At noon, Moscow military district commander General Kalinin, whom Yanayev appointed as military commandant of Moscow, declared a curfew in Moscow from 23:00 to 5:00, effective from 20 August.[9][19][22] This was understood as the sign that the attack on the White House was imminent.

The defenders of the White House prepared themselves, most of them being unarmed. Evdokimov's tanks were moved from the White House in the evening.[14][25] The makeshift White House defense headquarters was headed by General Konstantin Kobets, a Russian SFSR people's deputy.[25][26]

In the afternoon of 20 August, Kryuchkov, Yazov and Pugo finally decided to attack the White House. This decision was supported by other GKChP members. Kryuchkov and Yazov's deputies, KGB general Ageyev and Army general Achalov, respectively, planned the assault, codenamed "Operation Grom" (Thunder), which would gather elements of the Alpha Group and Vympel Groups, with the support of the paratroopers, Moscow OMON, the Internal Troops of the Dzerzhinsky division, three tank companies and a helicopter squadron. Alpha Group commander General Viktor Karpukhin and other senior officers of the unit together with Airborne Troops deputy commander Gen Alexander Lebed mingled with the crowds near the White House and assessed the possibility of such an operation. After that, Karpukhin and Vympel commander Colonel Beskov tried to convince Ageyev that the operation would result in bloodshed and should be canceled.[8][9][10][27] Lebed, with the consent of his immediate superior, Pavel Grachev, returned to the White House and secretly informed the defense headquarters that the attack would begin at 2:00.[10][27]

21 August

At about 1:00, not far from the White House, a group of IFVs of Tamanskaya motorized infantry division was blocked in a tunnel by barricades made of trolleybuses and street cleaning machines. Dmitriy Komar climbed one IFV and tried to "blind" the observation slit with a piece of tarpaulin but either fell to his death from the IFV or was shot. Then Vladimir Usov, who tried to help him, was shot (possibly unintentionally by a ricocheting bullet). At about the same time a third young man, Ilya Krichevskiy, was also shot under unclear circumstances. Several other men were wounded. The IFV was set on fire by the crowd but no soldiers were killed.[14][26][28] Alpha Group and Vympel did not move to the White House as had been planned and Yazov ordered the troops to pull out from Moscow.

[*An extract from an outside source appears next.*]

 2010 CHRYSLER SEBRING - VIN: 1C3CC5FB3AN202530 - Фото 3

The troops began to move from Moscow at 8:00. The GKChP members met in the Defence Ministry and, not knowing what to do, decided to send Kryuchkov, Yazov, Baklanov, USSR Supreme Soviet chairman Alexander Tizyakov, Anatoliy Lukianov, and Deputy CPSU General Secretary Vladimir Ivashko to the Crimea to meet with Gorbachev, who refused to meet them when they arrived. With the dacha's communications to Moscow restored, Gorbachev declared void all the GKChP's decisions and dismissed its members from their state offices. The USSR General Prosecutors Office started the investigation of the coup.[10][22]

Aftermath

Gorbachev and the GKChP delegation flew to Moscow, where Kryuchkov, Yazov, and Tizyakov were arrested upon arrival in the early hours of 22 August. Pugo was arrested in his office several hours later, and committed suicide along with his wife the next day. Pavlov, Vasily Starodubtsev, Baklanov, Boldin, and Shenin would be in custody within the next 48 hours.[10]

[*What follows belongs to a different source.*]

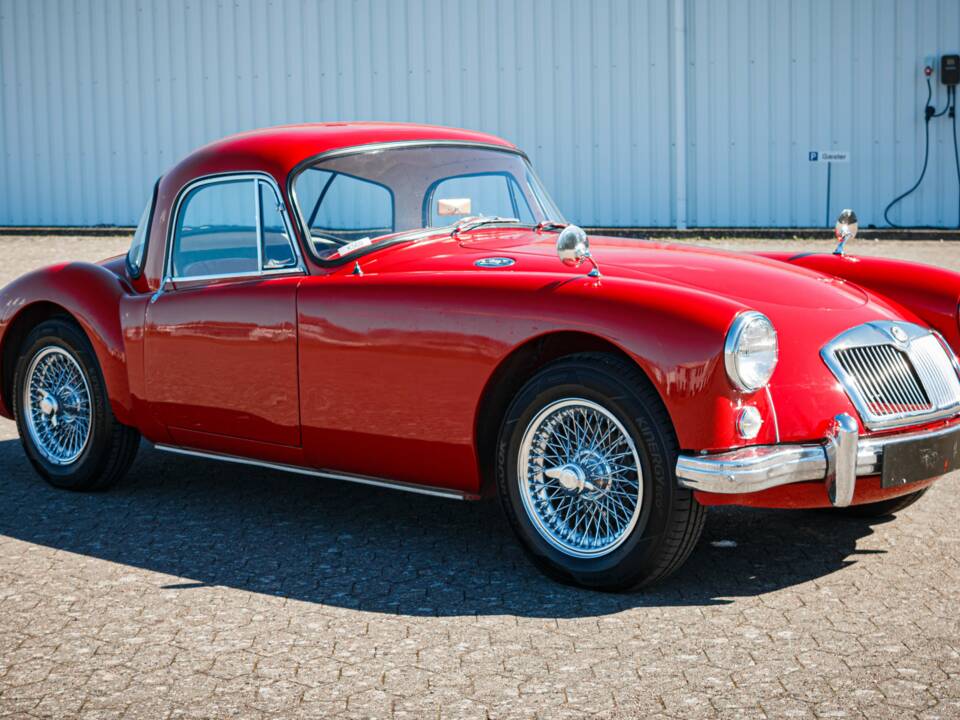Image 1/49 of MG MGA 1500 (1958)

Since several heads of the regional executive committees supported the GKChP, on 21 August the Supreme Soviet of the Russian SFSR adopted Decision No. 1626-1, which authorized Russian President Boris Yeltsin to appoint heads of regional administrations, although the Russian constitution did not empower the president with such authority.[29] It passed another decision the next day which declared the old imperial colors as Russia's national flag.[29] It eventually replaced the Russian SFSR flag two months later.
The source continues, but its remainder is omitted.